International career
- Years: Team / Apps / (Points)
- 2011: Australia U20 / 2 / (5)
- 2010: Fiji U20 / 4 / (5)

= Kirisi Kuridrani =

Australian rugby union player

Kirisi Kuridrani (born 12 December 1991), formerly Kirisi Nasiganiyavi, is an Australian rugby union player of Fijian descent. He is currently signed to Japanese club Honda Heat and previously played for the Queensland Reds in Super Rugby. His usual position is wing.

==Family and early life==
Kirisi Nasiganiyavi was born in Brisbane, where his father Isei Nasiganiyavi played rugby for Queensland. He is the younger brother of Nemani Nadolo (who was named Ratu Nasiganiyavi before he adopted their mother's maiden name of Nadolo in 2009) and a cousin of Tevita Kuridrani; in 2011 he adopted the Kuridrani family name.

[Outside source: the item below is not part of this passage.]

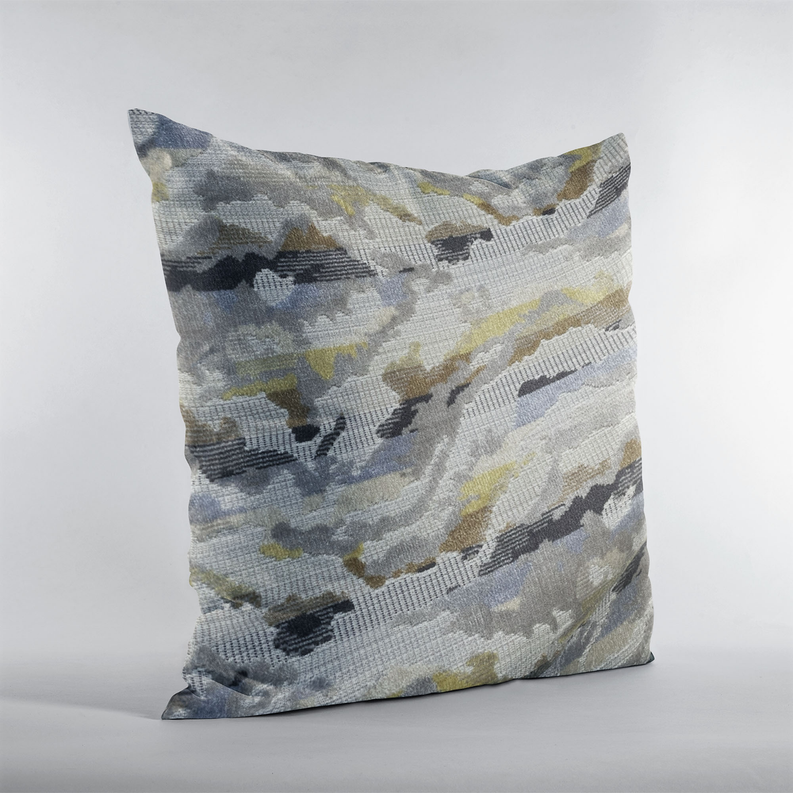 Decorative pillow standing photo with gray and blue camo-like pattern and yellow highlights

During his junior career he was selected for several representative teams, including Queensland Under-16s. He attended Marsden State High School and Ipswich Grammar, and represented Queensland at the Australian Schools Rugby Championships in 2008 and 2009.

==Rugby career==

In 2010, he played colts rugby for GPS Old Boys and was chosen for the Brisbane Under-19 team later that year. He was selected for the Fiji Under-20 team and played in the 2010 IRB Junior World Championship in Argentina, and scored a try against New Zealand in the opening pool game.

Chris Kuridrani briefly switched codes at the start of 2011. He played rugby league in the Toyota Cup for the Brisbane Broncos for five rounds before returning to play Premier Rugby with GPS and train with the Queensland Reds squad. He was selected as an injury replacement for the Australia Under-20 team at the 2011 IRB Junior World Championship in Italy, and scored a try in the semi-final against New Zealand.

He was a member of the ARU's National Academy in 2013, and participated in the Pacific Rugby Cup, including playing one match for the Brisbane Academy against his brother, Nemani Nadolo, who played for Fiji Warriors.

He currently plays for Counties Manukau in the Mitre 10 Cup.

On 12 November 2019 he was selected in the Highlanders squad for the 2020 Super Rugby tournament.